Step One: Measure Your Window

man measuring a window
A. and I. Kruk/Shutterstock

Before you can purchase rods to hang your curtains, you have to know how wide your window so you know that size rod to buy. When you install a rod yourself, you also have control over placement and how low or high the curtains will fall in front of the window. Lifting the curtains by installing the rod a few inches higher than average will give the window a longer, taller appearance.

Step Two: Purchase Your Curtains And Rods

Believe it or not, the style and color of curtains that you purchase play a major role in your selection of rods. Coordinating colors is a natural part of completing a room, and ultimately the color and design of the curtains have a influence over the rods you choose. Pick a rod that matches the color scheme or aesthetic of the curtains it will be holding. If you choose a rod with ornately designed knobs at the ends, they will have a big impact on the tone of your room, even though they seem like a small detail.

Some rods also hold certain fabrics and weights better than others. For example, skinnier, flimsy rods cannot support heavier drapes or thick velvet curtains. There are dozens of different types of curtains that you can use throughout your home, although some of the most important things to consider when it comes to choosing the ideal curtain rod for your selection is where the curtains are hung (over the window, inside the windowsill, on the casting or on the wall, etc.), how much fabric your curtains use, how heavy they are, what type of curtain hooks you plan on using, how a particular type of curtains are attached to the rods and how tightly the curtains fit around a rod. But no matter what kind of curtains you use, you should always look for rods which are fairly thick and thus have strong support.

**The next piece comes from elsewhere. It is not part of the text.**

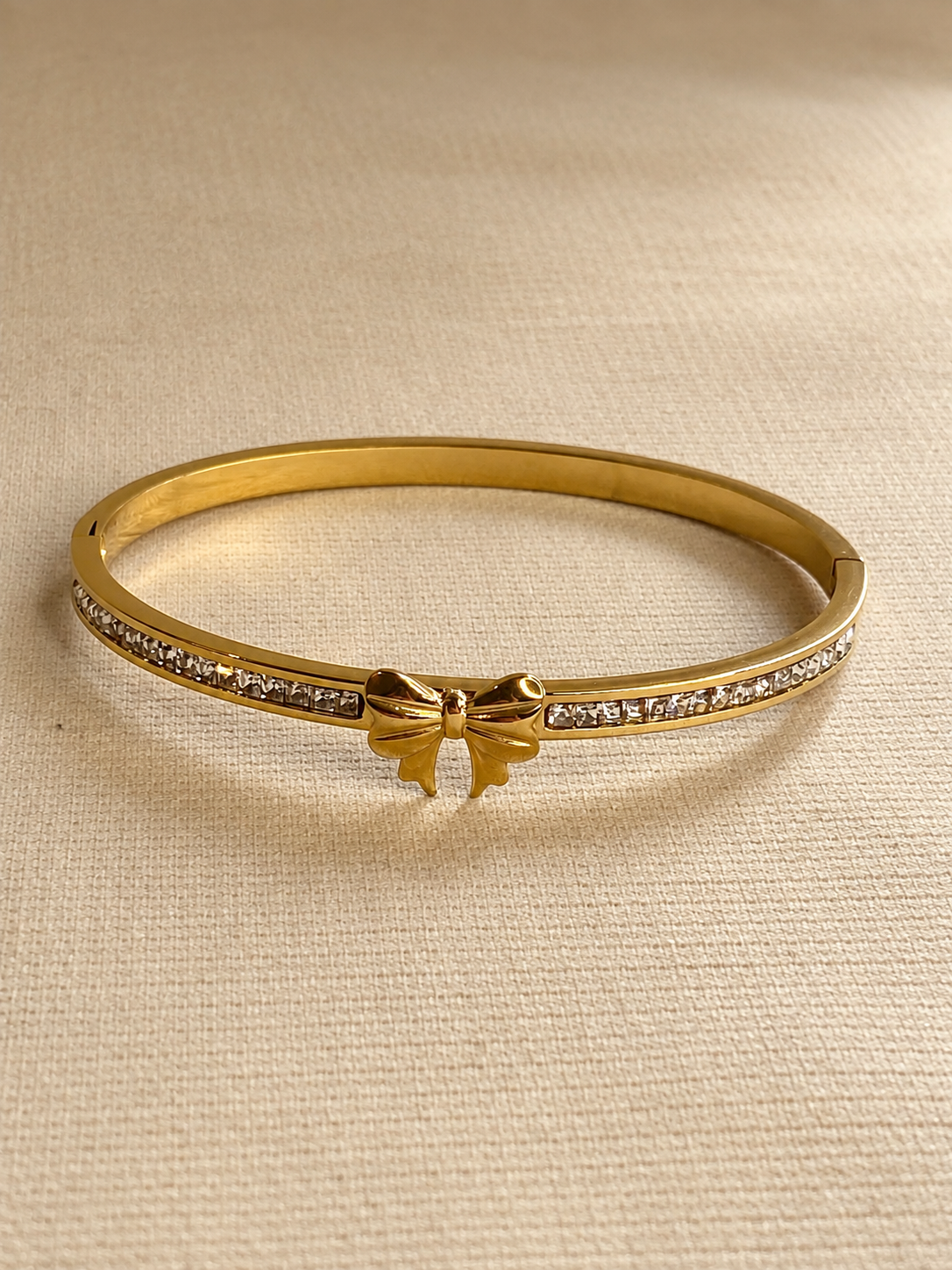 Solid Bow Crystal Bangle - Image 2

Step Three: Prepare For Installation

man and woman hanging a curtain rod
Ivan Filimonov/Shutterstock

When getting ready to install your curtain rods, measurement becomes important again. Measuring the distance between the ideal length of your drapes can help you form a clear picture of where to place your brackets on the wall. Once you're fairly certain that you've marked the height that you'd like to install your rods at, you can note the location where you plan on placing your brackets by marking the spot with a pencil to use as a template. Once you've done this, triple-check to make sure that the positioning of the brackets will result in a level rod and a curtain that falls to your desired place. If you're certain you've drawn correct measurements, drill pilot holes and place the anchors. These anchors ensure that the screws placed into the wall will cling firmly to whatever material the wall is made of and not break out due to the heavy weight of the rod and curtains. After you've inserted these, there are only a few more things required to get your curtains hung.

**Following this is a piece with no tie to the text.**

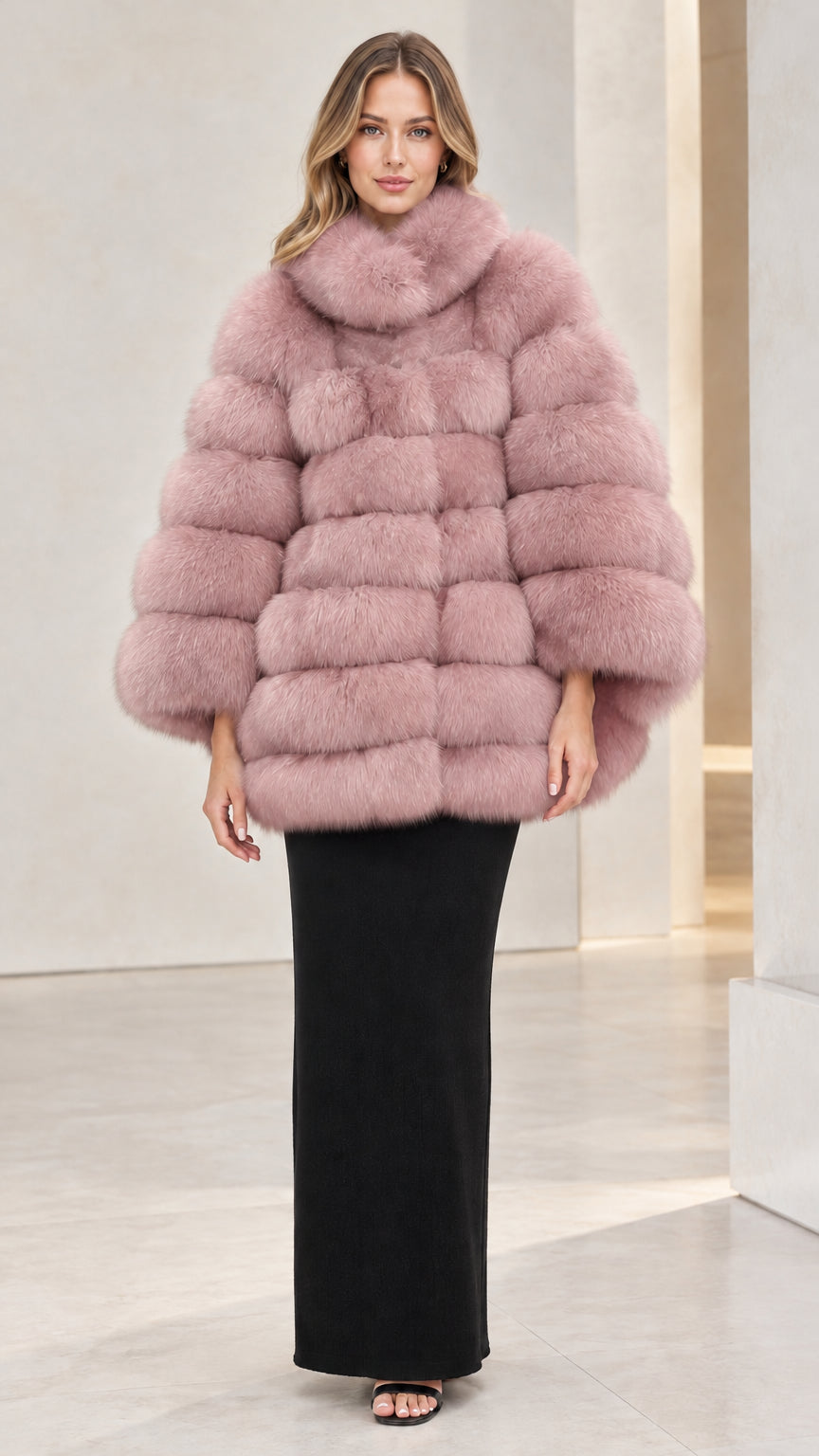 Full front view of dusty pink tiered stand collar faux fur cape coat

Step Four: Install The Rod

white curtains hanging from curtain rod
horiyan/Shutterstock

After the anchors are in the wall, you're ready to tighten the screws into the studs that hold the brackets in place. Once you've mounted these brackets, you can then test to see if the mount is level. By placing the rod on it, you should be able to eyeball it and tell whether or not it could use a little adjusting. You can also use a carpenter's level to ensure that it is flat. To check that the anchors are secure and able to handle the added weight of curtains, tug down slightly on the rod.

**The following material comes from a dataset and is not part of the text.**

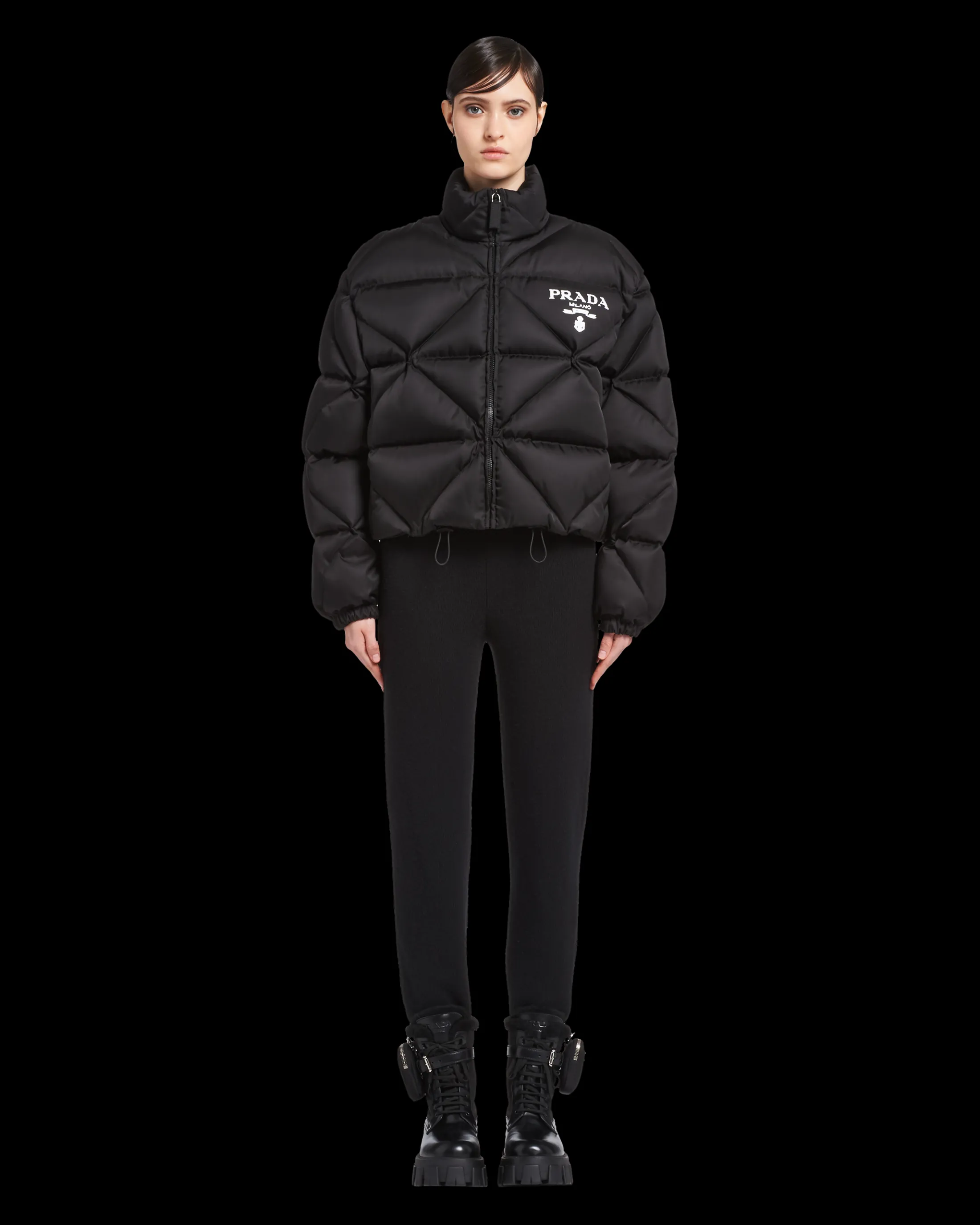 Prada Re-Nylon Gabardine cropped down jacket Black Outlet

Once you've slipped your curtains onto the rod and have returned it to the brackets, make sure you check to see if there seems to be any signs of support lacking at any point in the bar. If the bar is bending down, it may mean you didn't get a thick enough rod to support the weight of your curtains. If the brackets pull out of the plaster, it may be necessary to try to screw the supporting screws again or, if the rod is simply too long, add another bracket where it will not interfere with the movement if the curtains. If your curtains fit smoothly on the rod and look great, your task is complete.